(Captioned web images)
%%

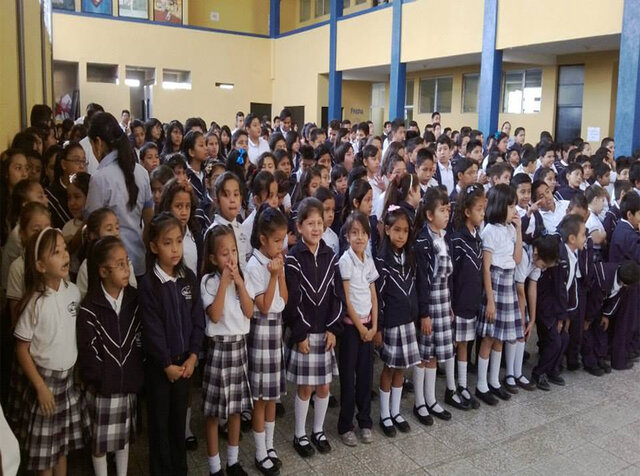 Primera vez que fui al colegio.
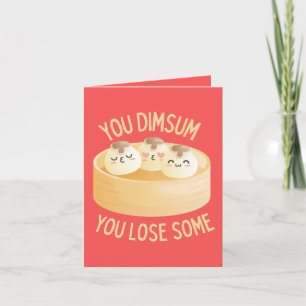 Du Dim Sum You Love some - Funny Dim Sum Greeting Karte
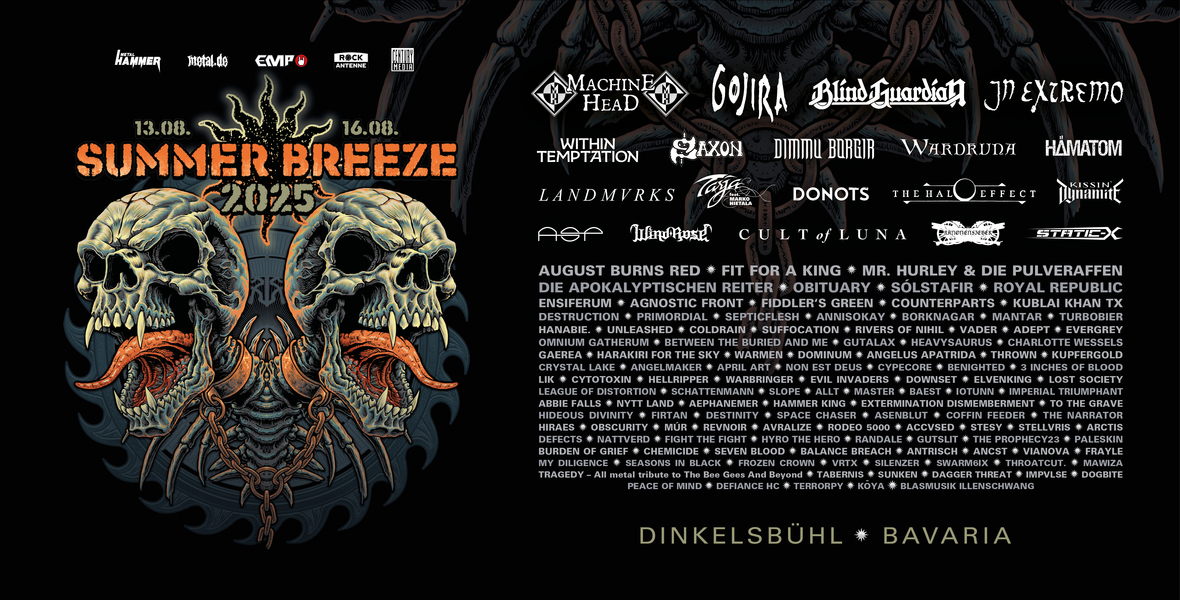 Tickets Festivalticket, SUMMER BREEZE 2025 in Sinbronn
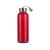 Бутылка для воды "H2O" 500 мл, красный, пластик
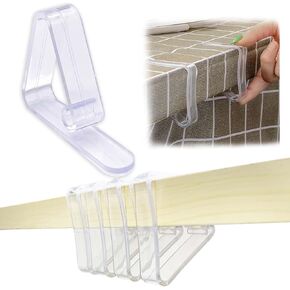 32 Pcs Tablecloth Clips,Plastic Tablecloth Clips,Clear Tablecloth Clips, Plastic Table Cloth Hold Down Clips Table Cloth Holder for Meeting Party Indoor Outdoor Events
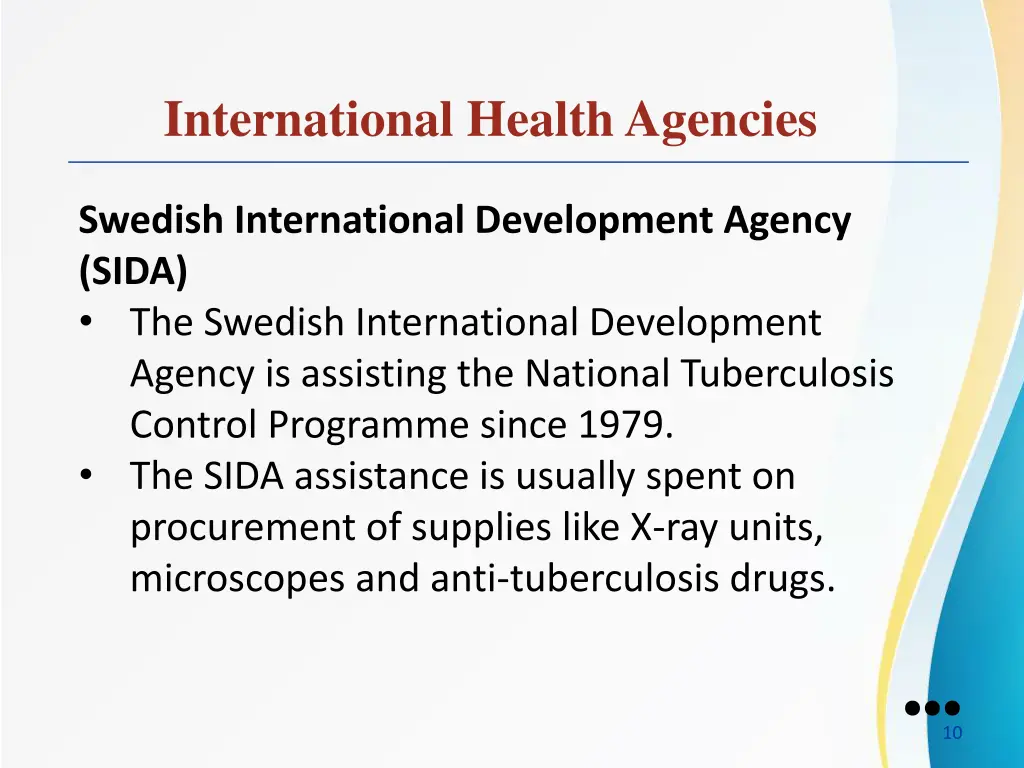 international health agencies 4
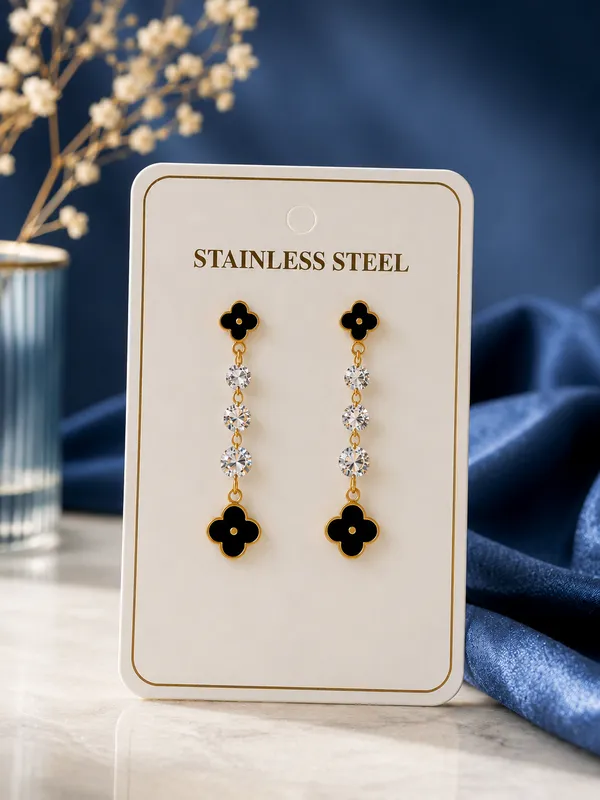 Black_Clover_Crystal_Drop_Earrings_–_Gold_Stainless_Steel_Dangle_Earrings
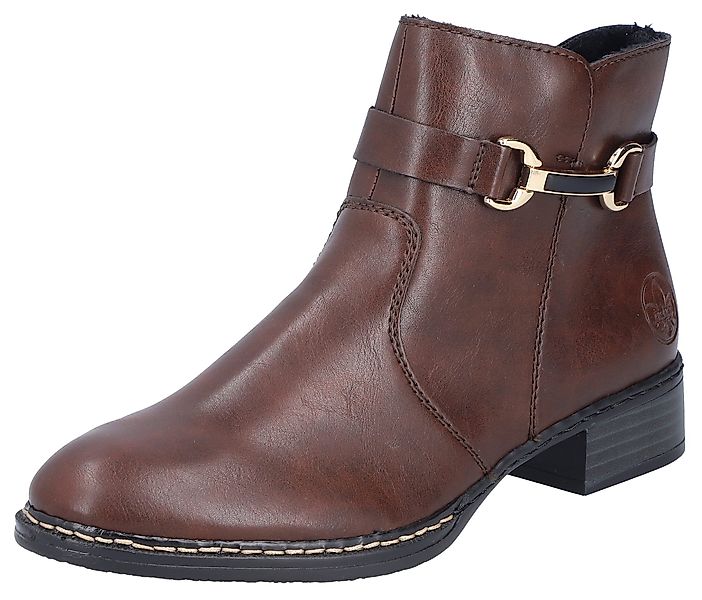 Rieker Stiefelette, Business-Stiefelette, Boots, mit Innenreißverschluss, günstig online kaufen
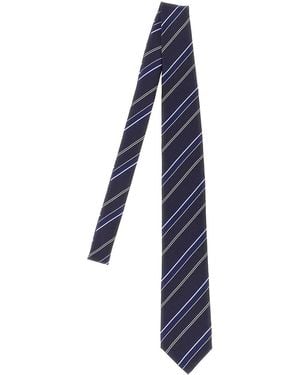 Tom Ford Cravatta A Righe Diagonali - Blu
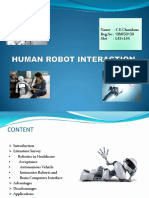 Human Robot Interaction PDF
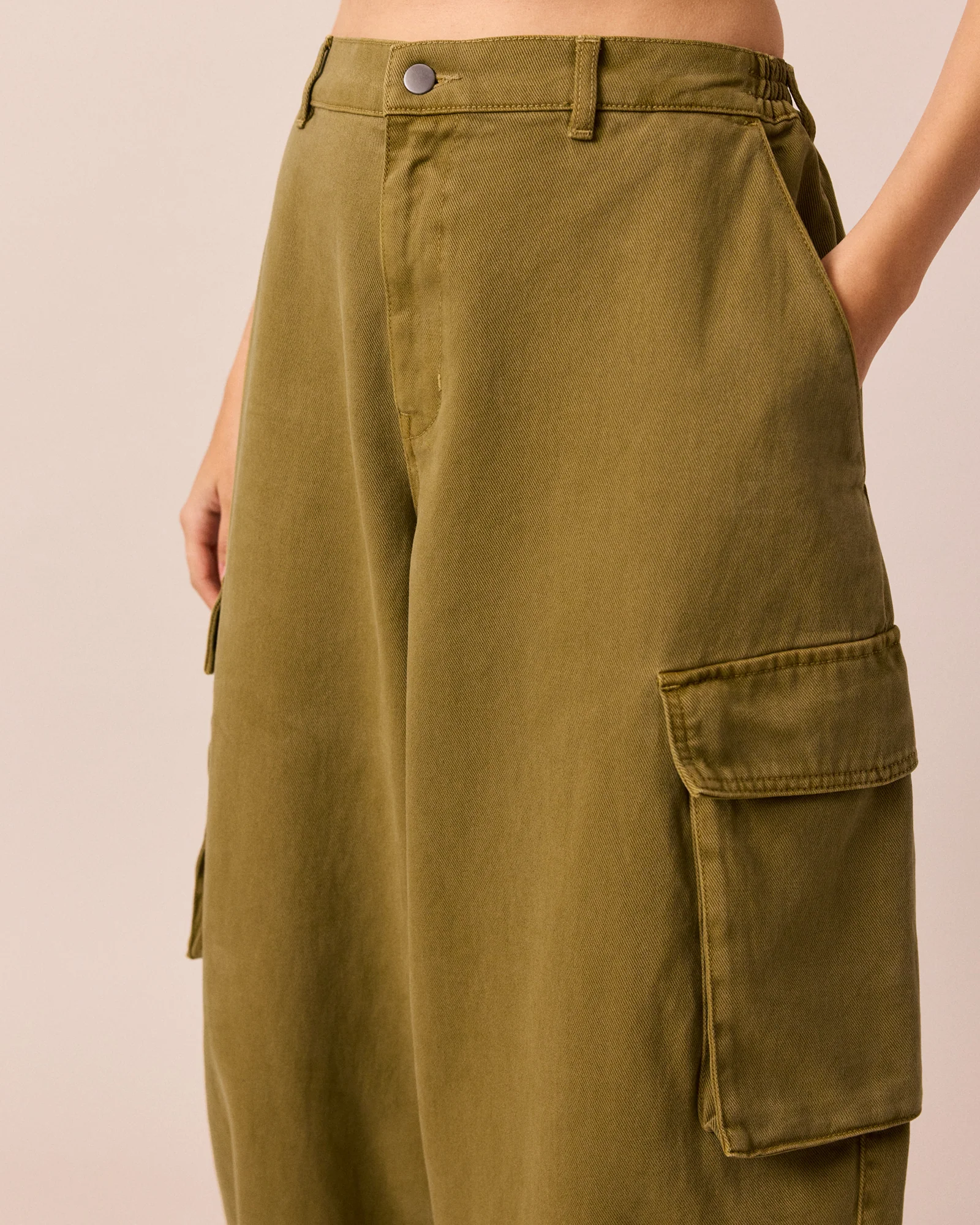 Claudie Bronzed Hay Denim Trousers - Image 4
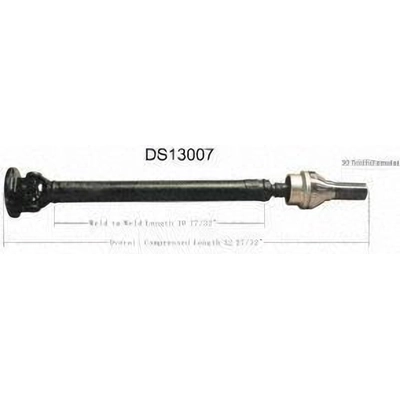 New Drive Shaft Assembly by WORLDPARTS - DS13007 pa1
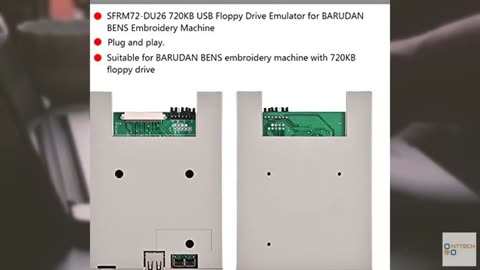 Yosoo 720K USB Emulator, SFRM72-DU26 Floppy Drive Emulator for BENS Embroidery M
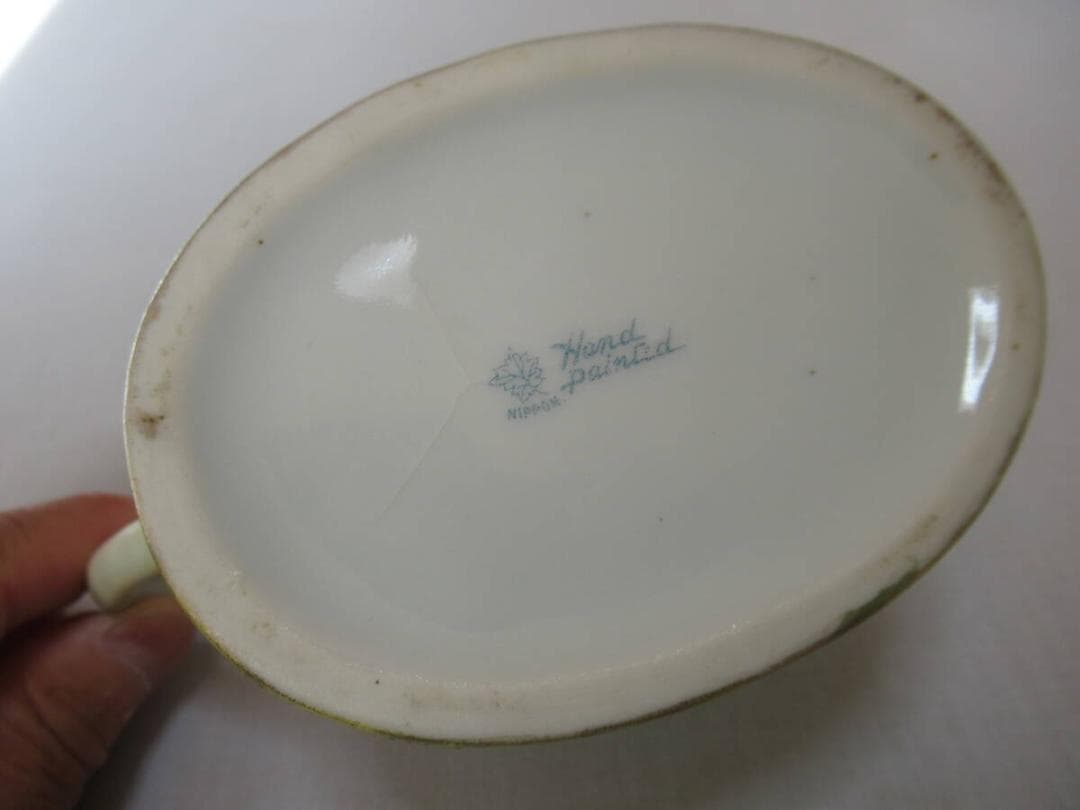 極希少美品 明治後期定価12万◆初期オールドノリタケ シュガーポット＆クリーマー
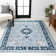 Arignote Modern Persian Floral Blue/Navy Rug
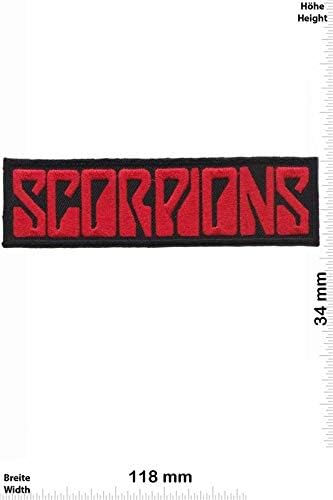 Écusson brodé thermocollant Scorpions Rouge Scorpions - Nail Gallerys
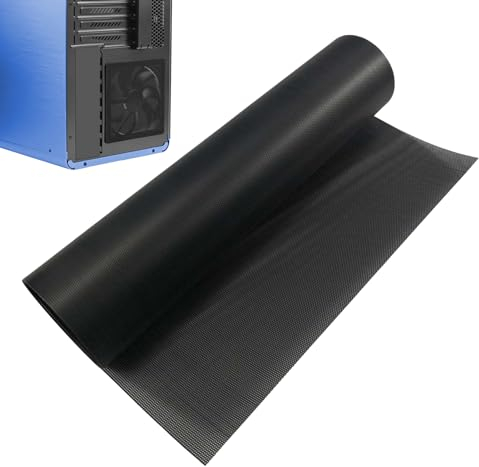 Staubnetzfilter Lüfterabdeckung - Effektiver Staubschutz für PC-Lüfter, Computerkühler und Elektronik - 29 * 100cm PVC Staubschutzabdeckung in Schwarz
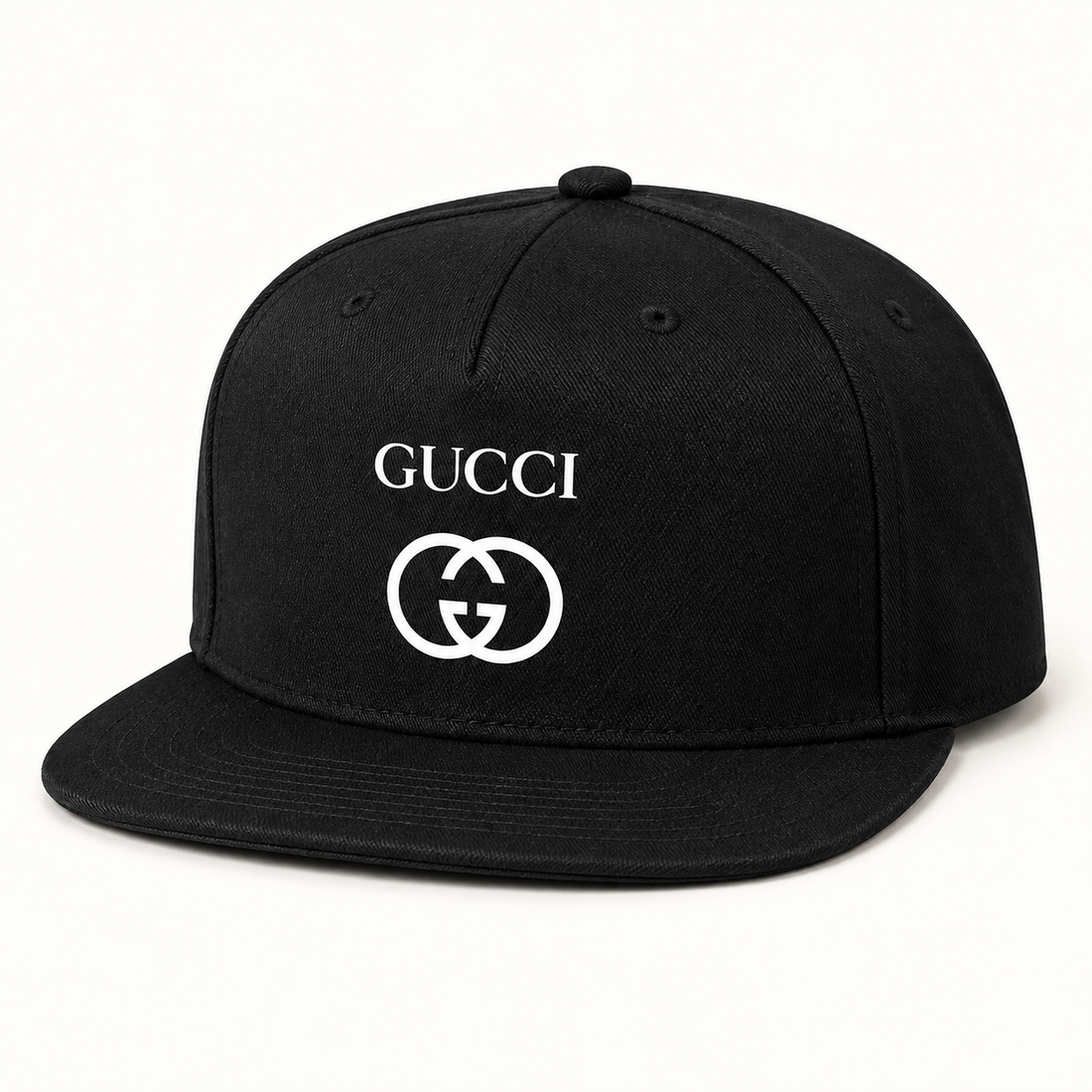 Gucci Snapback Hat | Color: Black | Image 1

%%

**The task**: Please retype the lines from the one containing "極希少美品 明治後期定価12万◆初期オールドノリタケ シュガーポット＆クリーマー" through the last line of the records above, exactly as written, and leave out any pictures.

**Result of this task**:
 極希少美品 明治後期定価12万◆初期オールドノリタケ シュガーポット＆クリーマー
 Arignote Modern Persian Floral Blue/Navy Rug
 Écusson brodé thermocollant Scorpions Rouge Scorpions - Nail Gallerys
 Staubnetzfilter Lüfterabdeckung - Effektiver Staubschutz für PC-Lüfter, Computerkühler und Elektronik - 29 * 100cm PVC Staubschutzabdeckung in Schwarz
 Gucci Snapback Hat | Color: Black | Image 1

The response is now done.